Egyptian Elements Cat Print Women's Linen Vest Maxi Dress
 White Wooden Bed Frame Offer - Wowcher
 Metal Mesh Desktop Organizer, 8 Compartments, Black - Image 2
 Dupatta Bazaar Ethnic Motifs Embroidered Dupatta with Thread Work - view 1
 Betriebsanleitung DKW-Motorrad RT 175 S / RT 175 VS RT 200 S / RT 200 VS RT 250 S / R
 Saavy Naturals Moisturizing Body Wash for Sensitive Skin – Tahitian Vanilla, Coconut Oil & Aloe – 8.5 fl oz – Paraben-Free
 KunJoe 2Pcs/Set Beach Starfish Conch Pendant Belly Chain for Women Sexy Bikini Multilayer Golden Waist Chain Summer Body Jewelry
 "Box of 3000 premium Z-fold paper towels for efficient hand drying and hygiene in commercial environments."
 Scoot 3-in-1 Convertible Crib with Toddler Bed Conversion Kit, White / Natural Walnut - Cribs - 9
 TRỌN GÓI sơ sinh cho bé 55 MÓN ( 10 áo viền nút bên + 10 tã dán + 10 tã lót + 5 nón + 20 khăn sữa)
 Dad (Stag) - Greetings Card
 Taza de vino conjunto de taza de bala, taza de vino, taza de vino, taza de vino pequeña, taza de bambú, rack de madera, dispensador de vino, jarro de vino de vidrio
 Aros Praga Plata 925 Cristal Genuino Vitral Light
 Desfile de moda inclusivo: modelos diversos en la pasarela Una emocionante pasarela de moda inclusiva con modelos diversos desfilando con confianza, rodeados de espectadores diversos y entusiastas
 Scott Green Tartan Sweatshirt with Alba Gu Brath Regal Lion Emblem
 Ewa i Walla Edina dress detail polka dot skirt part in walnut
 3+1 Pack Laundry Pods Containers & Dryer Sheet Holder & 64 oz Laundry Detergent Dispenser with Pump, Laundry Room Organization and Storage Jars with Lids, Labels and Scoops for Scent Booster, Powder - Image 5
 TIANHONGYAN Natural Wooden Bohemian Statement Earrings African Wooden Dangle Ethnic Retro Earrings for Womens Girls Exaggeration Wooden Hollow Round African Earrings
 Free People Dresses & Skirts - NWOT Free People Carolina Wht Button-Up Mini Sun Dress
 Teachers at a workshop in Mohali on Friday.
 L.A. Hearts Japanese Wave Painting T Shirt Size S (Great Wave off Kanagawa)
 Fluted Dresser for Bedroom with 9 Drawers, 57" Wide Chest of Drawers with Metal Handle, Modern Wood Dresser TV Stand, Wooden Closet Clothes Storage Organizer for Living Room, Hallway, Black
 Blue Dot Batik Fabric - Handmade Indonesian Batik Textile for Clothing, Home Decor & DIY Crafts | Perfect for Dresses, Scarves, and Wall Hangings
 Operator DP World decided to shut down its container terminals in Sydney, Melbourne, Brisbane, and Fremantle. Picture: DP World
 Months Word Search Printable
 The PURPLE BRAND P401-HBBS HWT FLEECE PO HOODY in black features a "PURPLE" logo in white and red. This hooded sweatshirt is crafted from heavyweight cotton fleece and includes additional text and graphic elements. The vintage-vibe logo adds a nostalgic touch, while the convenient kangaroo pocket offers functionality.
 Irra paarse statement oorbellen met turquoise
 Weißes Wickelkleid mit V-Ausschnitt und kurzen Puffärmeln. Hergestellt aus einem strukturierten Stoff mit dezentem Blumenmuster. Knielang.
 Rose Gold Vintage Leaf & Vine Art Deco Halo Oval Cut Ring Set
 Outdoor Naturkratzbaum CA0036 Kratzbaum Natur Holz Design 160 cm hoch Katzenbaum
* * * * * * * * *
Work item:
Among the records above, repeat exactly the line with "Taza de vino conjunto", the line with "TIANHONGYAN Natural Wooden", and every line in between, and only those.

Response box:
 Taza de vino conjunto de taza de bala, taza de vino, taza de vino, taza de vino pequeña, taza de bambú, rack de madera, dispensador de vino, jarro de vino de vidrio
 Aros Praga Plata 925 Cristal Genuino Vitral Light
 Desfile de moda inclusivo: modelos diversos en la pasarela Una emocionante pasarela de moda inclusiva con modelos diversos desfilando con confianza, rodeados de espectadores diversos y entusiastas
 Scott Green Tartan Sweatshirt with Alba Gu Brath Regal Lion Emblem
 Ewa i Walla Edina dress detail polka dot skirt part in walnut
 3+1 Pack Laundry Pods Containers & Dryer Sheet Holder & 64 oz Laundry Detergent Dispenser with Pump, Laundry Room Organization and Storage Jars with Lids, Labels and Scoops for Scent Booster, Powder - Image 5
 TIANHONGYAN Natural Wooden Bohemian Statement Earrings African Wooden Dangle Ethnic Retro Earrings for Womens Girls Exaggeration Wooden Hollow Round African Earrings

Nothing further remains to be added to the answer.